LIFESTYLE

The Hold Steady, grown up

Jeff Spevak
@jeffspevak1

Craig Finn remembers the day, maybe four years ago, when The Hold Steady came of age.

“When we got everyone in the band life insurance,” he says. Long pause ... “That doesn’t sound very rock and roll ...”

Nor does paying taxes. But touring rock bands are businesses. And then comes a knock at the door of Finn’s Brooklyn apartment, while he’s conducting this phone interview. “Excuse me a minute,” Finn says. Distant murmured conversation. Money, some kind of transaction. Drugs?

“The landlord,” Finn explains when he picks up the phone again. The rent was due.

Again, not very rock and roll. Shouldn’t Finn be sleeping on someone’s couch? But on balance, there is something very good about a rock band that ages well. And The Hold Steady, joined by the excellent Deer Tick on Monday at Water Street Music Hall, seems to be one of them.

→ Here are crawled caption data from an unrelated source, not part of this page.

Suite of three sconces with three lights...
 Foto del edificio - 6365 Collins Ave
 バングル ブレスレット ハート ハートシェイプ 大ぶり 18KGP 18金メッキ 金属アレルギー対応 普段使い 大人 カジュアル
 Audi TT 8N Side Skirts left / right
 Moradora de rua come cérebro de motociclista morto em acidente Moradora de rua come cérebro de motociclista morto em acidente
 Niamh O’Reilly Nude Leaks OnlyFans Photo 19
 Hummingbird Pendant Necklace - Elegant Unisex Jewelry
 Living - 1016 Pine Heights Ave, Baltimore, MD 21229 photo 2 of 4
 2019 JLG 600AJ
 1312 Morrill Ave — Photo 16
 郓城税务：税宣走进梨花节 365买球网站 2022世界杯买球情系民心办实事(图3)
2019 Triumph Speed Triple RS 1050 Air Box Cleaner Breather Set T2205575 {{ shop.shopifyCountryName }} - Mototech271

The evidence is heard in Teeth Dreams, the band’s sixth album in 10 years. The Hold Steady’s Midwestern, blue-collar, hard-drinking, classic-rock roots are still showing. Finn and guitarist Tad Kubler, both from Minnesota, are the core of the band. But there have been changes. A process more optimistically called growth.

The Hold Steady lost a significant personality in its keyboardist, Franz Nicolay. It replaced him with a second guitarist, Steve Selvidge. It’s growth, Finn says. “I think that ended up defining the record. That back-and-forth between two lead guitar players. We were very insistent that they played in the same room, actually standing together while they played the parts. So you get the stereo thing. One guy covering the low part, the other guy covering the high part.”

Kubler, there’s another change. Or growth, whatever you want to call it. “It you want to talk about the biggest drinker in the band, it was easily him,” Finn says. “He was the lead-guitar playing wild man.” Then the rent came due — pancreatitis — and Kubler’s lead-guitar playing wild man days were over. “We dialed back, reinvented how we thought about the shows,” Finn says. “We always had a lot of beer thrown around, and that still happens in the audience. But not as much onstage anymore.”

Finn writes what he sees. One of the songs on the new album, “On With the Business,” addresses consumerism, “how people think you get ahead by accumulating more and more stuff,” he says. Although this is not from any direct observation of his own behavior. “No, I have barely anything,” he says. “My apartment got broken into. They got nothing, because there was nothing here.”

He sees “all that broken-stuff part of living.” Broken stuff fuels Finn’s songwriting, which he thinks of as “cinematic in scope, which doesn’t always resemble my own life. ‘This morning I went to the grocery and the post office ...’ That wouldn’t be much of a song.”

In the opening moments of Teeth Dreams, Finn sings, “I heard the Cityscape Skins are kinda kicking it again.” The Cityscape Skins first appeared in The Hold Steady’s debut album. In Finn’s creative eye, they are “desperate characters. People on the fringes. People who needed to make moves quickly in order to get ahead or find of sense of belonging.

“Five albums later, I’m referencing back to that,” Finn says. “People new to the band, I don’t expect them to notice that. I wanted to create a world that the listeners go into. That is how I listened to music as a kid. I was a careful listener, a close listener.”

Who was building songs around recurring characters when Finn was listening carefully? “No one,” he says. “And I wanted more.” He mentions Bruce Springsteen’s 1975 Born to Run album, filled with desperadoes like the title track’s Wendy — “Wendy, let me in, I wanna be your friend,” Finn says, reciting the line. “Magic Rat in ‘Jungleland.’ Eddie in ‘Meeting Across the River.’ They never came back. I was always hoping for some character development.”

They all could be Cityscape Skins.

There’s not a lot of time to build a character study into a three-minute rock song. But with recurring characters, perhaps you have a shot at it.

Yet even fictional people can’t stand still for long. Finn points out that he was 32 when The Hold Steady’s first album was released. Now he’s 42. “I thought it would be a real challenge, and more interesting, for me to write adult characters,” he says. “Some of the great artists, like Bruce Springsteen and Neil Young, have successfully done it.”

As those artists have grown older, the characters they’ve written about have grown more mature. With more-mature concerns.

“Not just the highs,” Finn says, “but the hangovers.”

If you go

What: The Hold Steady and Deer Tick.

When: 8 p.m. Monday.

Where: Water Street Music Hall, 204 N. Water St.